By Deborah McAleese
The chief of police in Northern Ireland has insisted there is no need for him to deploy the Army to deal with the increased terrorist threat.
George Hamilton said there will be more police patrols at iconic sites and transport networks across the region after the threat level was raised to critical, but stressed the military will not be back on the streets to assist.
Up to 5,000 armed troops are to be deployed at key strategic sites across the UK as part of a security response to the Manchester bombing.
However, the PSNI's Chief Constable insisted there was "absolutely no requirement" for a similar response in the region.
"It would be disproportionate. It would be unnecessary," he said.

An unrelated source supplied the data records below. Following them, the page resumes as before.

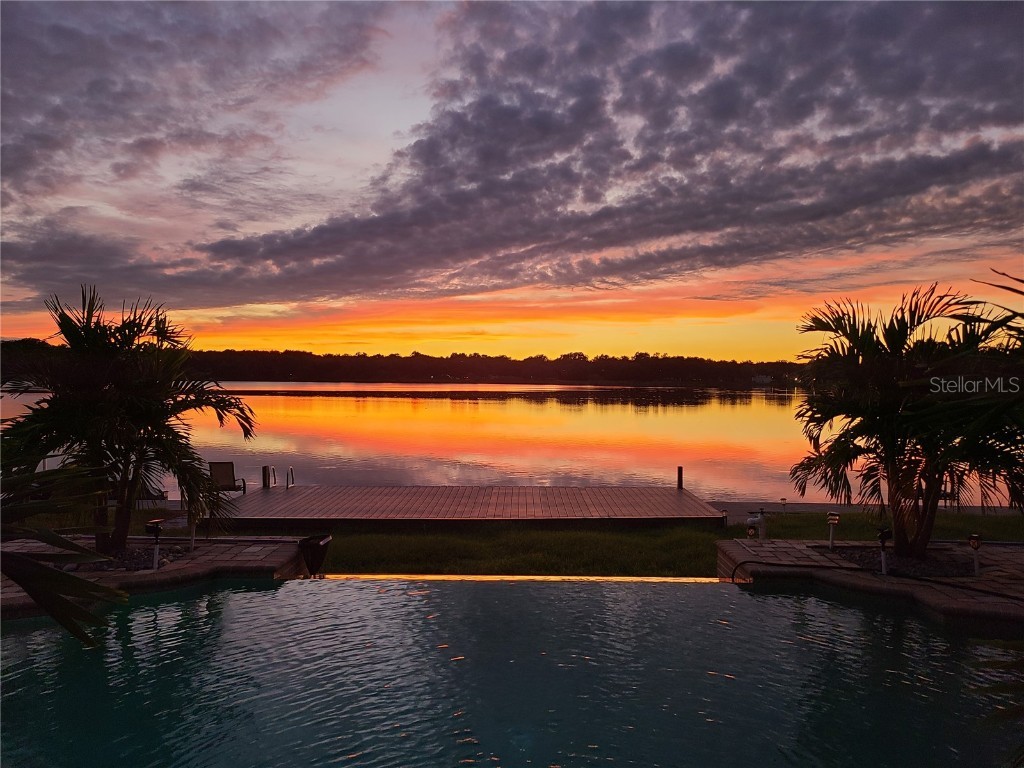 603 Chastain Road Seffner FL 33584 - LAKE WEEKS T3438244 image1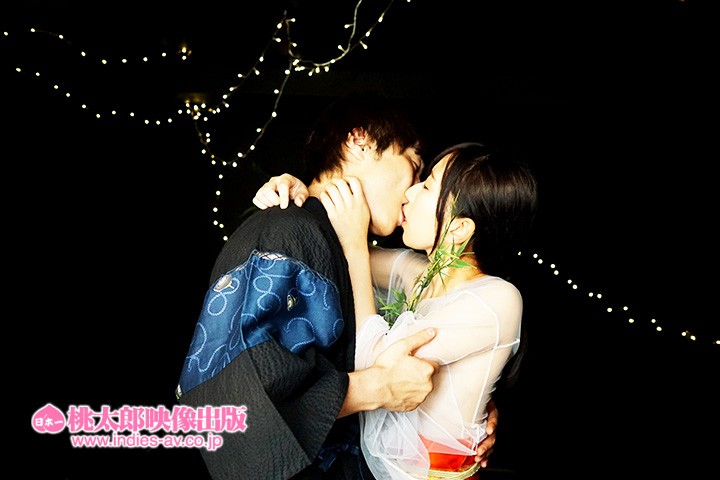 MKSB-006 第 14 部分 - 108 分钟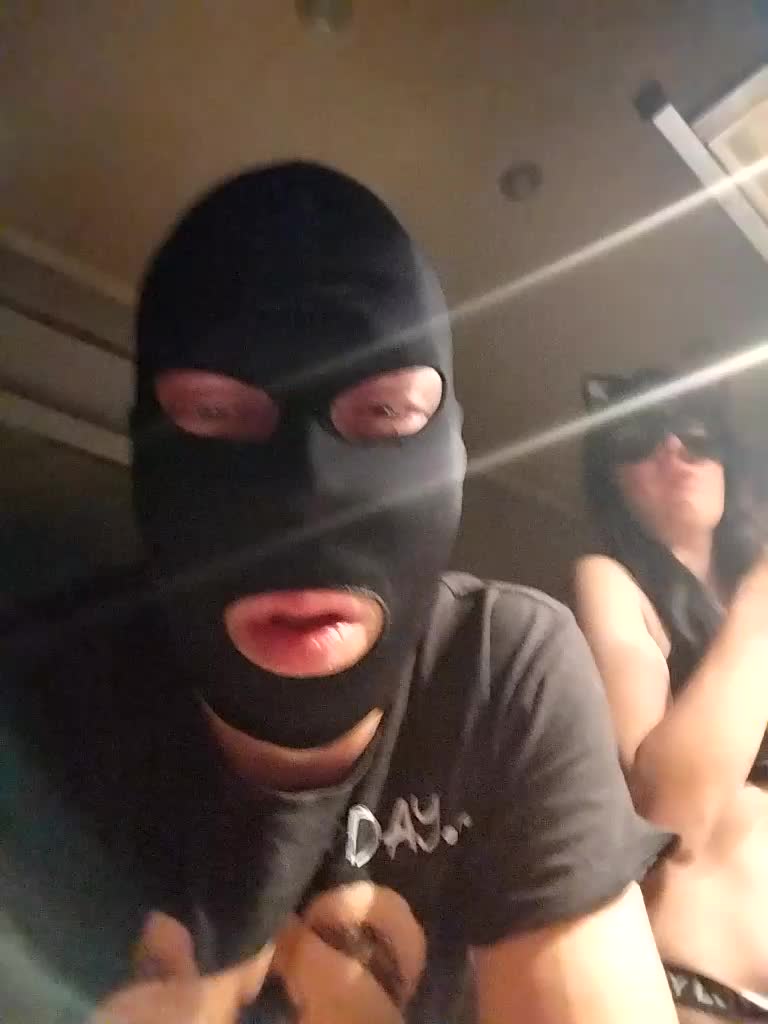 Tekilaboom077 Adult Chat September 4, 2025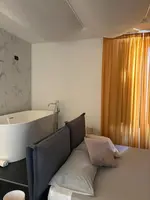 Palace Eight Suites & Spa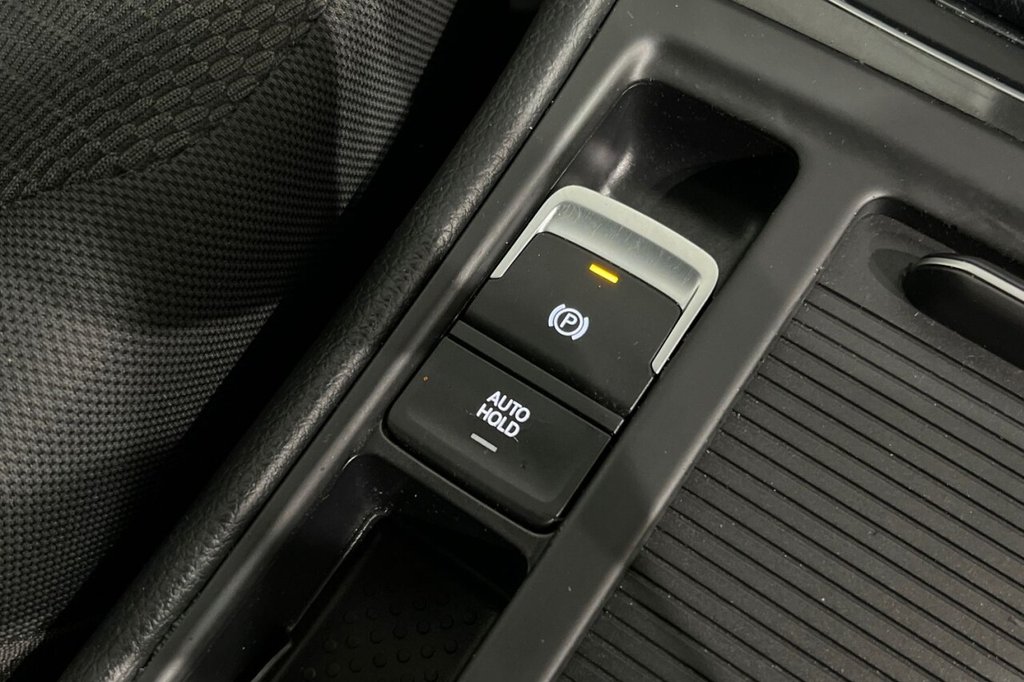 Used Volkswagen Golf 2019 for sale - 77692468: Photo 34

"I'm not going to make a bid for military resources on to the streets of our post-conflict society just because everyone else has the need to do that.

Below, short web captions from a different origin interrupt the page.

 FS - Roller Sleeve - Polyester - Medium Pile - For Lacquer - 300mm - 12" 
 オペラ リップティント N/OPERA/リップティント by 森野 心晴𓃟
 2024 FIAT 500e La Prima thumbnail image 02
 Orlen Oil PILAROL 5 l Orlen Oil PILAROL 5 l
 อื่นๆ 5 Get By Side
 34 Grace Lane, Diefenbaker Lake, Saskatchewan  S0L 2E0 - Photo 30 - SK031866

"I don't think we are at that stage. We will keep the threat level under review and we'll see what happens in the days ahead," he added.
Mr Hamilton said that Northern Ireland already has specialist firearms officers and additional security funding that other parts of the UK do not have.
He added that it will be a "small change in gear" from dealing with the severe threat from dissident republican terrorists in the region to the critical threat from other extremists.
"I am satisfied we can mitigate the risk as it currently stands with the policing resources I have available to me.
"We have very well trained and equipped officers. Every officer unfortunately in this jurisdiction has to carry a firearm. These are assets we don't like to have, but at times like this it becomes a valuable asset that some of our colleagues in other parts of the UK don't have.
"I believe we can reassure the public with high-profile policing. We will be doing that over the next few days," said Mr Hamilton.